__Materials provided__.
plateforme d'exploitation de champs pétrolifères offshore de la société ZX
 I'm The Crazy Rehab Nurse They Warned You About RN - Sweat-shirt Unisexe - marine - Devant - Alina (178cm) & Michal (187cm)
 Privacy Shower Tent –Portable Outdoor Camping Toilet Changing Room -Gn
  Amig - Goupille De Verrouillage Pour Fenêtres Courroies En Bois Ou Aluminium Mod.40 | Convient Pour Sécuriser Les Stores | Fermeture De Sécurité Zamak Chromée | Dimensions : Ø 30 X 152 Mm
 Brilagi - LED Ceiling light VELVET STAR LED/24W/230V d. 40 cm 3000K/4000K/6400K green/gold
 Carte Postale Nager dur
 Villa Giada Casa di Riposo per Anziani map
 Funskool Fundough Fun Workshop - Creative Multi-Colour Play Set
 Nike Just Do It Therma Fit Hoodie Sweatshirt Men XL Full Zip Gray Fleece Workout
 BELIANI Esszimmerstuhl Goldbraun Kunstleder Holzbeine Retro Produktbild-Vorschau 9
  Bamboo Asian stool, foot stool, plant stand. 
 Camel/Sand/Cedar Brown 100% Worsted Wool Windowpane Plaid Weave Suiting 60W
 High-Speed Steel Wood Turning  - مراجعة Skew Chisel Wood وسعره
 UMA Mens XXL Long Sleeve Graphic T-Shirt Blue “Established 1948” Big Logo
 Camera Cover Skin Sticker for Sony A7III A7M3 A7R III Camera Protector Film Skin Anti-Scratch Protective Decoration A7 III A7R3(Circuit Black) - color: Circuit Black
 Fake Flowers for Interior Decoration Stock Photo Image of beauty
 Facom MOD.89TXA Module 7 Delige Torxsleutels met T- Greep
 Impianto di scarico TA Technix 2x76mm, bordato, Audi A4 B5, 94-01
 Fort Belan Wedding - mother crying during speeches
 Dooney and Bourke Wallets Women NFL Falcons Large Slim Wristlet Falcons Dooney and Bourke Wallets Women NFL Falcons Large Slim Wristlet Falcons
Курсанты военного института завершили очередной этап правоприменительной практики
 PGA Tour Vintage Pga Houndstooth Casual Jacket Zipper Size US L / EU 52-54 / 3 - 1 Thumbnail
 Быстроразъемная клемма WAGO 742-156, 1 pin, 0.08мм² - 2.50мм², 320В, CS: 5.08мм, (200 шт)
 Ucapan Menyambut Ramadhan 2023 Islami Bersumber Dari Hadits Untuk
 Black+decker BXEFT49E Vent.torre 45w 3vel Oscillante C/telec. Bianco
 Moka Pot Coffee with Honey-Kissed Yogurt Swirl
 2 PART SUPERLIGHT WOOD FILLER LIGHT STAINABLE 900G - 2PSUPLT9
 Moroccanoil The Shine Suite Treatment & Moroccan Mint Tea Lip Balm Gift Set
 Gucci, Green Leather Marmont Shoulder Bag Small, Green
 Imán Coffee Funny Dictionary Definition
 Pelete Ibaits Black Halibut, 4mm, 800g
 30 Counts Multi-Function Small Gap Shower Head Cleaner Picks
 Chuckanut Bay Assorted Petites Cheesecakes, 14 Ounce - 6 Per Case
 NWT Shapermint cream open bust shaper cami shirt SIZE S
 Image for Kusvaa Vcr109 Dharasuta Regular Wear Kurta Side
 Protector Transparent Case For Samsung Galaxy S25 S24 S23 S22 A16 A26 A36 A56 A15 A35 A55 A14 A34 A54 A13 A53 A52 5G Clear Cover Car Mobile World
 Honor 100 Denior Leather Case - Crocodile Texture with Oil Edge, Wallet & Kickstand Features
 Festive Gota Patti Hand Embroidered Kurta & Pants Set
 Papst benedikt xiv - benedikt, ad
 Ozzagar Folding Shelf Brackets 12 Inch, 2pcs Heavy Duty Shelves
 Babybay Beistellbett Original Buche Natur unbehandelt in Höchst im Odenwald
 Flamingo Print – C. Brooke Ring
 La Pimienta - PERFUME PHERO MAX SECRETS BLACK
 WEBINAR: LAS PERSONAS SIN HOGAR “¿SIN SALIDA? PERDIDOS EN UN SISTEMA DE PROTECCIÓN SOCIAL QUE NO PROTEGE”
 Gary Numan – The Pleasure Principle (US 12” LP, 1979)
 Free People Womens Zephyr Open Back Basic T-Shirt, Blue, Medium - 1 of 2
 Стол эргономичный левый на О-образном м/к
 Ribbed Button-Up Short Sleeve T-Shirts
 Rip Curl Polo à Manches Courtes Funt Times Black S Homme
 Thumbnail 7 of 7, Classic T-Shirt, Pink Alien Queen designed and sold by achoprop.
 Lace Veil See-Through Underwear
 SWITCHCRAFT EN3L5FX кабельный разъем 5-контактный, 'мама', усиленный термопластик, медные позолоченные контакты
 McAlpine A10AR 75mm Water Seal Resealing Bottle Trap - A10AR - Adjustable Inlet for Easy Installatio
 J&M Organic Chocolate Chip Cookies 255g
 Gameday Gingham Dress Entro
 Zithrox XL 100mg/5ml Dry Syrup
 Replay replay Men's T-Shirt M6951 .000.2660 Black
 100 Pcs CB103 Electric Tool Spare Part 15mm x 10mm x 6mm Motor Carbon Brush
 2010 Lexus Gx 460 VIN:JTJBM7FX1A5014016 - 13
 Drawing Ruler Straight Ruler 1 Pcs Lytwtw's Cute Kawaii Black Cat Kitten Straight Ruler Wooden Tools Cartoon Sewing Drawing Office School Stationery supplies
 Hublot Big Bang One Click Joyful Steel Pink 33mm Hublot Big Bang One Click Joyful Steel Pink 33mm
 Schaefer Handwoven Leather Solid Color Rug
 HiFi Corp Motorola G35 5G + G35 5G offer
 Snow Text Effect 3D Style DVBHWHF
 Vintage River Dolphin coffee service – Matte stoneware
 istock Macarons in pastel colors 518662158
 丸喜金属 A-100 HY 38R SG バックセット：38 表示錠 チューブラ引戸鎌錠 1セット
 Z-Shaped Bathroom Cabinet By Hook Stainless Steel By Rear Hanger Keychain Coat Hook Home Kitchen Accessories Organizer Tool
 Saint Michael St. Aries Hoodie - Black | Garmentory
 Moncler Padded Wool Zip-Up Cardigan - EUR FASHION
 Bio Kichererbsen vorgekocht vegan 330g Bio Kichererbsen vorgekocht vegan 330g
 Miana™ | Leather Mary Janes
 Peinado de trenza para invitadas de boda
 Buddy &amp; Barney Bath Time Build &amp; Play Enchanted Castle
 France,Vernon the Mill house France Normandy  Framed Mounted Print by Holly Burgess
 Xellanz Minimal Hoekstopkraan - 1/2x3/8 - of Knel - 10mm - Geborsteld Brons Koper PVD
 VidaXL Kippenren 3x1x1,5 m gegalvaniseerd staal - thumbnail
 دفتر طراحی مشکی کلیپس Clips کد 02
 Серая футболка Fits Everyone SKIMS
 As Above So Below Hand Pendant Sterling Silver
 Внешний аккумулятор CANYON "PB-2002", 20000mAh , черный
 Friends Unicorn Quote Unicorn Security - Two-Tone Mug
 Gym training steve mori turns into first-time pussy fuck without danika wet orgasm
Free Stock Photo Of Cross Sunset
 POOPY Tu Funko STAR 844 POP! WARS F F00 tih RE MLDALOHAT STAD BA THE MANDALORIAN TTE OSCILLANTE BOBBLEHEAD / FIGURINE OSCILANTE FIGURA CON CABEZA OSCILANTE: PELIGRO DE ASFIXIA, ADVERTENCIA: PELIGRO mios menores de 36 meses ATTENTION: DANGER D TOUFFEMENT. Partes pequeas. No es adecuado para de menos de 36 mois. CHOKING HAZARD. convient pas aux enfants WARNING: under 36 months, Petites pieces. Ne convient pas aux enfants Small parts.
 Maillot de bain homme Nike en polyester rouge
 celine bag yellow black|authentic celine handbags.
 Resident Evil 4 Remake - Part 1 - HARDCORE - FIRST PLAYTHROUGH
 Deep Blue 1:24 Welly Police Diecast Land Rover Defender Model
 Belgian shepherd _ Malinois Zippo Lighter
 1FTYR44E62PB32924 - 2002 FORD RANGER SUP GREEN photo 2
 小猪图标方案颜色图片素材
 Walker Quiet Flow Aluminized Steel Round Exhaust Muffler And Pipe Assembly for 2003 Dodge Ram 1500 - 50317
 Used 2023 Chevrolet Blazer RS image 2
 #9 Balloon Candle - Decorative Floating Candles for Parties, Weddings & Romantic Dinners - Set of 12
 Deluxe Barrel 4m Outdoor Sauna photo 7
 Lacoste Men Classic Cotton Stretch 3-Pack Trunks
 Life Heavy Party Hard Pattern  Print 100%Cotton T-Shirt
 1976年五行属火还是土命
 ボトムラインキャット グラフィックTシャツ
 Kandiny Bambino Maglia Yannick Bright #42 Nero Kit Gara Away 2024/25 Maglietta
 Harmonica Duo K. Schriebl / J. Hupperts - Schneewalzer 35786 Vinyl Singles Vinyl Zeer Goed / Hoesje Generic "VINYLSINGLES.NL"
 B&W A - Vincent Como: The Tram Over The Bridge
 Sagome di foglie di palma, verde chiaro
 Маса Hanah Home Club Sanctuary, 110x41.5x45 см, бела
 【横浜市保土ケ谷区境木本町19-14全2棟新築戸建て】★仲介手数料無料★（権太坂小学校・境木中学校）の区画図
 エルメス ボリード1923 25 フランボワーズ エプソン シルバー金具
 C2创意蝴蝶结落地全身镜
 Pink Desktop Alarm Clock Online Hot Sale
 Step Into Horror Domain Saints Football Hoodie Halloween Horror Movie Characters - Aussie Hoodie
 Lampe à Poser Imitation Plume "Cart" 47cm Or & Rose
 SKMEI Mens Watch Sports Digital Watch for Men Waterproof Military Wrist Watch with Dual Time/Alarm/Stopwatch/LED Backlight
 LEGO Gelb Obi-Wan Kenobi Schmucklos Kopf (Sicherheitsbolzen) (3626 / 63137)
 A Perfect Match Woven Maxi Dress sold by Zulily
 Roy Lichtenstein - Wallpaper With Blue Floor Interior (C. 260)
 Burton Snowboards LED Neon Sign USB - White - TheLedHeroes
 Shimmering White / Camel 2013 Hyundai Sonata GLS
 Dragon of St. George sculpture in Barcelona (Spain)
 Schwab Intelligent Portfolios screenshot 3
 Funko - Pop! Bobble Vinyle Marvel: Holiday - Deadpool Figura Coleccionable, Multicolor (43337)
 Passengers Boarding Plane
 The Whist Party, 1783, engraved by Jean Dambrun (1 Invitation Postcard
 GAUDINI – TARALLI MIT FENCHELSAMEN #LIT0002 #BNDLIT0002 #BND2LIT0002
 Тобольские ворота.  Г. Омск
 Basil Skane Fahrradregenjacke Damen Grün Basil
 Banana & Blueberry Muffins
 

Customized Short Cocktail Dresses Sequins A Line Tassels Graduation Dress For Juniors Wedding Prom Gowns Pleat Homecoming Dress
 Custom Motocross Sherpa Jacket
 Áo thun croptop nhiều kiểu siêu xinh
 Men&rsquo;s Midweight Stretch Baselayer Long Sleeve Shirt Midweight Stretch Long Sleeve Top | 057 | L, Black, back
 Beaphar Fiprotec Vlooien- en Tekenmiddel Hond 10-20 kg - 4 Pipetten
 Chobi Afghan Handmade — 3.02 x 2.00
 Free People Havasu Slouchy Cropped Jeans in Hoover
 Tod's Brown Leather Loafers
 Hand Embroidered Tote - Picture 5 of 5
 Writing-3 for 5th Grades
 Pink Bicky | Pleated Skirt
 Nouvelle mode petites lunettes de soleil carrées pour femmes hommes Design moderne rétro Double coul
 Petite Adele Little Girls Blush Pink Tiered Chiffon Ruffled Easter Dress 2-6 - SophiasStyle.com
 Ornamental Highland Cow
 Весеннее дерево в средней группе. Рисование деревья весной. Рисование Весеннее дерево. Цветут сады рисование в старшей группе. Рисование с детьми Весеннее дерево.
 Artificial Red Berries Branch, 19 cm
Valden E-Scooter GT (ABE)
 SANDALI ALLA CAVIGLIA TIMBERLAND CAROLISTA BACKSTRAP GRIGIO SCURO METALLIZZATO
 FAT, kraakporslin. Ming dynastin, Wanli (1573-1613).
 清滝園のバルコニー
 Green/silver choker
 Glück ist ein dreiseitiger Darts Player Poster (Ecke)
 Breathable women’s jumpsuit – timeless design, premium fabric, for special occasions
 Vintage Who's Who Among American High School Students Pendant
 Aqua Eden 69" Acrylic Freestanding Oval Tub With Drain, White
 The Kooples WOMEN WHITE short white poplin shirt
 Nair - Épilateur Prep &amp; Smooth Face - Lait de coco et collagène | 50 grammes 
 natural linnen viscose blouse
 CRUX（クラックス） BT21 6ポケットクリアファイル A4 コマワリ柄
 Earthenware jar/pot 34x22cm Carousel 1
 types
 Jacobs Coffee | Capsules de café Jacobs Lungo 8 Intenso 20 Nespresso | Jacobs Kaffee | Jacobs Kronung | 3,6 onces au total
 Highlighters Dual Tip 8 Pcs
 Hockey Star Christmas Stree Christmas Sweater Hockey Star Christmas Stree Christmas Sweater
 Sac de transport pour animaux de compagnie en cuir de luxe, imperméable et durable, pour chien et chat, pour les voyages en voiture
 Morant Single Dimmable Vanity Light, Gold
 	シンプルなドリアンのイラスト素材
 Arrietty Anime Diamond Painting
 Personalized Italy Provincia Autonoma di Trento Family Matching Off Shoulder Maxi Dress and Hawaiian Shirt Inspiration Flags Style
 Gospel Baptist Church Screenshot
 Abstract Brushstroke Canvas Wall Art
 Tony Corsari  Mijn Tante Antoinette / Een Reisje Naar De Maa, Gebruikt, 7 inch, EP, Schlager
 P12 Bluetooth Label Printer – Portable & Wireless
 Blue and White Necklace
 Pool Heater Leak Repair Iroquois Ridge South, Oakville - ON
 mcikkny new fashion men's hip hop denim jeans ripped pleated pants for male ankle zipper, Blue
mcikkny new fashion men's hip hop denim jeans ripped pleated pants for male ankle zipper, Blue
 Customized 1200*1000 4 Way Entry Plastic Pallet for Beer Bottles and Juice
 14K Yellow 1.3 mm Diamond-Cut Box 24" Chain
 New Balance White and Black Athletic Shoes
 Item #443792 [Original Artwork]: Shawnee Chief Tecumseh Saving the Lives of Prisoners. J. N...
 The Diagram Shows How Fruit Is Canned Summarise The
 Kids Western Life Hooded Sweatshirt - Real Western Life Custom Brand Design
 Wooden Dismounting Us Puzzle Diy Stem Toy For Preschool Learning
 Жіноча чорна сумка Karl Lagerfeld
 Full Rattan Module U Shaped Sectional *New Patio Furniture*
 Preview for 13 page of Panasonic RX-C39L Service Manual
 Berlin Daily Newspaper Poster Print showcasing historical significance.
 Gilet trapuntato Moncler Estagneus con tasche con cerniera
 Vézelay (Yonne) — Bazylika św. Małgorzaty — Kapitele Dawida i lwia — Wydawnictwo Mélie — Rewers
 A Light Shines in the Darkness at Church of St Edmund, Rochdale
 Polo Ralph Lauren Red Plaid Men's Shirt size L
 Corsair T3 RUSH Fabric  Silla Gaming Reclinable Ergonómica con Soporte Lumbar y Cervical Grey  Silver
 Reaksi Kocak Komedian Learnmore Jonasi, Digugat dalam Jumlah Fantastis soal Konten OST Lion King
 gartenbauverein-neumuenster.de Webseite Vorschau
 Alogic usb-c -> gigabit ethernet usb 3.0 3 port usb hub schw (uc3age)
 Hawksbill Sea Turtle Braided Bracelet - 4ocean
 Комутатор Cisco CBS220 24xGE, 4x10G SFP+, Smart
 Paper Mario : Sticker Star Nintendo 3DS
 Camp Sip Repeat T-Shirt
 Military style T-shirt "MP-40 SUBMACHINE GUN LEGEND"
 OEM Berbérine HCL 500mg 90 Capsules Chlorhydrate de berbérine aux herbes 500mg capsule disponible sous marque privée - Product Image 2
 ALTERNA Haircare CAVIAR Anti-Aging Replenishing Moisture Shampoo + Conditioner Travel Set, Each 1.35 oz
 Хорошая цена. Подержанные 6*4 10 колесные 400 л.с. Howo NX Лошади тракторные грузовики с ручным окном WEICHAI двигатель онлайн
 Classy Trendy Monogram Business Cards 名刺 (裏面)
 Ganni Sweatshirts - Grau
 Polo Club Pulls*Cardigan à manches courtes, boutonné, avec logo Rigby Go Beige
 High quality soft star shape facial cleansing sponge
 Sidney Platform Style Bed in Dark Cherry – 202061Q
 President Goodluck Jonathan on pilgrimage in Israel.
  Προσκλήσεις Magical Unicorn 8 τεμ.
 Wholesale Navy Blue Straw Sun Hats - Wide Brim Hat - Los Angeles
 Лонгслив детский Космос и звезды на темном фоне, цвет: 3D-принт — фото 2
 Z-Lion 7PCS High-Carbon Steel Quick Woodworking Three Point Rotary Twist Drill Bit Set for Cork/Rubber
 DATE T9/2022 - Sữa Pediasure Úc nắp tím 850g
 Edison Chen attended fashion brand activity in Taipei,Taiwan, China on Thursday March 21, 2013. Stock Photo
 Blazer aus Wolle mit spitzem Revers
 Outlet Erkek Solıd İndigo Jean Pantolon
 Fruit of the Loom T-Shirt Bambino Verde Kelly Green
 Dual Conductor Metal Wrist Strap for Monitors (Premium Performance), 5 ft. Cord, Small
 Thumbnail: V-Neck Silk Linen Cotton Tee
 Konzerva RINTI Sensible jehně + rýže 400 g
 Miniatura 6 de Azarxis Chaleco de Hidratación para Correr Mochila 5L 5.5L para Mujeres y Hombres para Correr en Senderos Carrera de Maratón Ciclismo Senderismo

__Problem requirements__.
Taking the records above, retype every line from the one with "istock Macarons in pastel colors 518662158" down to the one with "Used 2023 Chevrolet Blazer RS image 2", exactly and with nothing else.

__Exercise result__.
 istock Macarons in pastel colors 518662158
 丸喜金属 A-100 HY 38R SG バックセット：38 表示錠 チューブラ引戸鎌錠 1セット
 Z-Shaped Bathroom Cabinet By Hook Stainless Steel By Rear Hanger Keychain Coat Hook Home Kitchen Accessories Organizer Tool
 Saint Michael St. Aries Hoodie - Black | Garmentory
 Moncler Padded Wool Zip-Up Cardigan - EUR FASHION
 Bio Kichererbsen vorgekocht vegan 330g Bio Kichererbsen vorgekocht vegan 330g
 Miana™ | Leather Mary Janes
 Peinado de trenza para invitadas de boda
 Buddy &amp; Barney Bath Time Build &amp; Play Enchanted Castle
 France,Vernon the Mill house France Normandy  Framed Mounted Print by Holly Burgess
 Xellanz Minimal Hoekstopkraan - 1/2x3/8 - of Knel - 10mm - Geborsteld Brons Koper PVD
 VidaXL Kippenren 3x1x1,5 m gegalvaniseerd staal - thumbnail
 دفتر طراحی مشکی کلیپس Clips کد 02
 Серая футболка Fits Everyone SKIMS
 As Above So Below Hand Pendant Sterling Silver
 Внешний аккумулятор CANYON "PB-2002", 20000mAh , черный
 Friends Unicorn Quote Unicorn Security - Two-Tone Mug
 Gym training steve mori turns into first-time pussy fuck without danika wet orgasm
Free Stock Photo Of Cross Sunset
 POOPY Tu Funko STAR 844 POP! WARS F F00 tih RE MLDALOHAT STAD BA THE MANDALORIAN TTE OSCILLANTE BOBBLEHEAD / FIGURINE OSCILANTE FIGURA CON CABEZA OSCILANTE: PELIGRO DE ASFIXIA, ADVERTENCIA: PELIGRO mios menores de 36 meses ATTENTION: DANGER D TOUFFEMENT. Partes pequeas. No es adecuado para de menos de 36 mois. CHOKING HAZARD. convient pas aux enfants WARNING: under 36 months, Petites pieces. Ne convient pas aux enfants Small parts.
 Maillot de bain homme Nike en polyester rouge
 celine bag yellow black|authentic celine handbags.
 Resident Evil 4 Remake - Part 1 - HARDCORE - FIRST PLAYTHROUGH
 Deep Blue 1:24 Welly Police Diecast Land Rover Defender Model
 Belgian shepherd _ Malinois Zippo Lighter
 1FTYR44E62PB32924 - 2002 FORD RANGER SUP GREEN photo 2
 小猪图标方案颜色图片素材
 Walker Quiet Flow Aluminized Steel Round Exhaust Muffler And Pipe Assembly for 2003 Dodge Ram 1500 - 50317
 Used 2023 Chevrolet Blazer RS image 2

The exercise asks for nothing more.